I've written a couple of books and like a lot of people, always preferred having a hard copy in my hands. After I wrote my first book in 2013, couldn't wait to get the first printed issue.

The book was released a couple weeks earlier as an e-book, but I didn't own a Kindle or an iPad. My son went out and bought me a Kindle so I could see what it looked like before the printed version came out. Though I hated even the thought of using an e-reader, now I love it. Have rarely bought a hard copy since. And now that I'm moving, wish I'd made the switch years ago as it would make transporting everything so much easier.

A few comments about Amazon. When I hand delivered a couple of copies of my first book to our local bookstores, when they asked about pricing, I told them the cost on Amazon as a gauge. The bookstore owner looked at me and winced, "Amazon, the evil empire."

If I owned a small, local bookshop, I'd probably feel the same way. Amazon has purposely suppressed book prices. You could say they're doing this to make books more available to more people, or you could say they're squeezing out the competition. Your choice.

The traditional publishing industry also hates Amazon, for the same reasons. By depressing book prices, they're cutting into Simon & Schuster's profit margins.

One of the ways Amazon does this is by rewarding authors for pricing their books low. If my e-book is priced between $2.99 and $9.99 I make a 70% royalty per book. I can price my book at any other price, but if I do, I get a 30% royalty. This is why you see tons of books priced for less than $9.99. And why book publishers gnash their teeth at the mention of Amazon.

My e-books are priced at $4.99. As paperbacks they're roughly $17.95, and I make less money per copy. Why? Because of the paper, printing and postage.
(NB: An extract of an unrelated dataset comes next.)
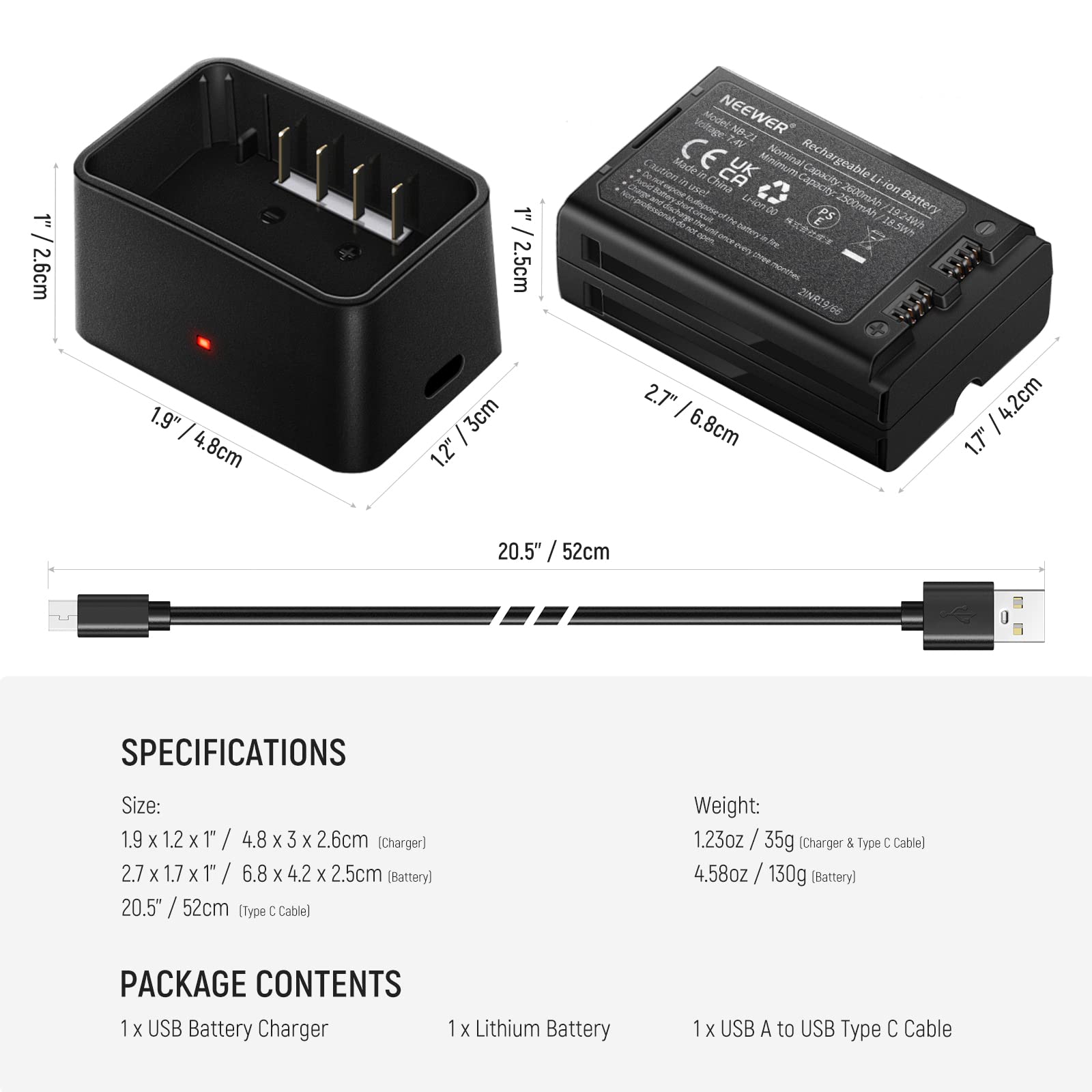 NEEWER Batterie Lithium 7,4V/2600 mAh et Chargeur USB TTL Z2-C/N/S, Z1-C/N/S, Z760-C/N/S Flash à tête Ronde Speedlite, Batterie de Remplacement au Lithium entrée DC 5 V/2 A, 8,4 Chargeur USB Type C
One of the interesting things about putting books out on Amazon, Barnes & Noble, etc., is learning that very few people buy hard copies anymore. 95% of all the books I sell are as e-book. The price is one reason. The other is instant gratification. I don't have drive to B&N or wait for it to come in the mail.

Whether we like it or not, print, whether in book form, or as magazines and newspapers is going the way of the dinosaur.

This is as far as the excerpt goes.